The University of Lagos (UNILAG) has denied implementing a new fee increase for undergraduate students, following concerns raised by students over changes in their portal payment statements.
On Tuesday, students raised alarms after noticing what appeared to be an upward review of fees on the institution’s portal. However, in a statement released Wednesday, the university’s Head of Communication Unit, Mrs. Adejoke Alaga-Ibraheem, clarified that the change was a result of consolidating all faculty and departmental dues into a single portal payment.
She explained that the move was in compliance with a directive from the Nigeria Education Loan Fund (NELFund), which requires institutions to centralize all student charges to streamline the student loan application process.
“This ensures that once students make payment through their official portal, no other payment will be collected at the faculty and departmental levels,” Alaga-Ibraheem stated.
A review of payment advice documents, however, showed that while the university’s official tuition remains unchanged, the consolidated quote includes significant adjustments and new charges.
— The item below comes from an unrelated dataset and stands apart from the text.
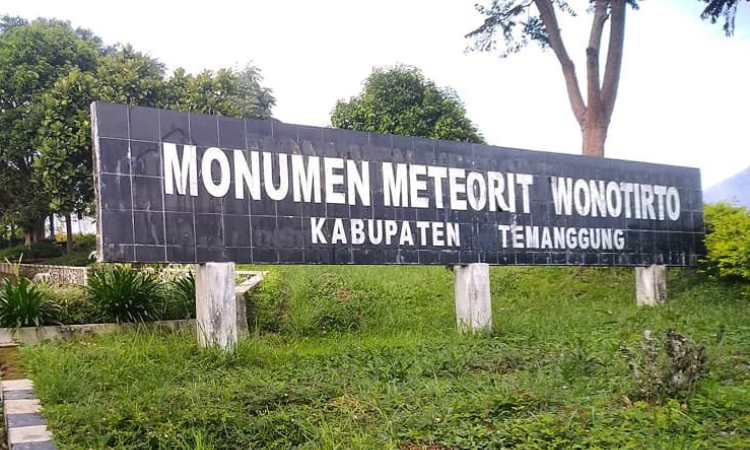 Monumen Meteorit Wonotirto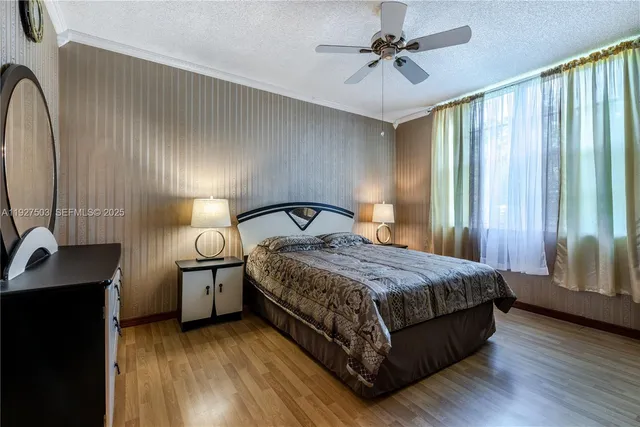 $2,800 | 19601 East Country Club Drive, Unit 7102, Aventura, FL 33180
For instance:
- Department and faculty dues, previously N2,000, now appear as N15,000 on the portal.
- The UNILAG TISHIP fee increased from N5,000 to N7,500.
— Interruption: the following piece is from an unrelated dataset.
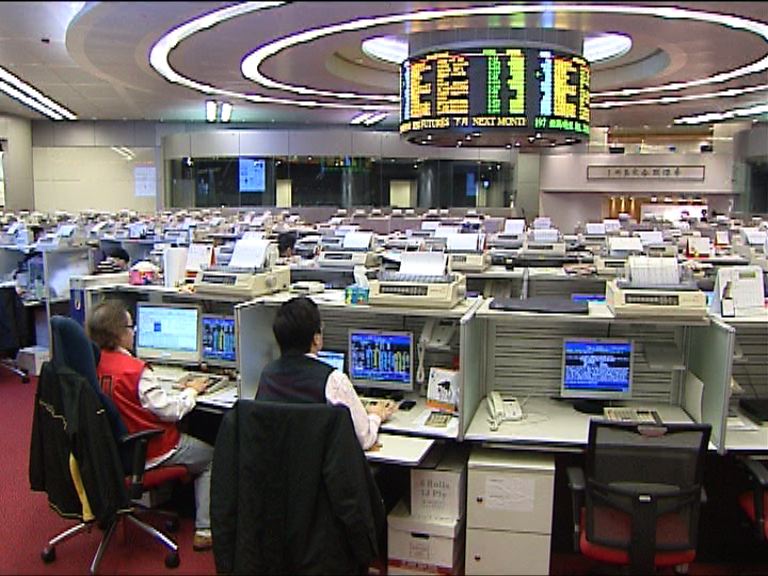 【尾市急墜】港股倒插　啤酒股飲得杯落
- Newly itemized charges include Entrepreneurship (N5,000), Portal Maintenance (N15,000), and Student Insurance Policy (N1,250), among others.
When confronted with these specific figures, the university maintained its position that this does not constitute a fee hike.
“What we have done is in the best interest of the students so that when they apply for NELFund, they get funding that covers every bill that they pay in school through a central system,” Alaga-Ibraheem said. “It is also important to note that the amounts reflected on the portals differ across programmes based on specific academic requirements. This does not amount to a fee hike but an integration of previously separate, legitimate dues.”
The university insists that these are not new costs but existing dues that students were previously paying separately, now brought into a centralized and transparent system.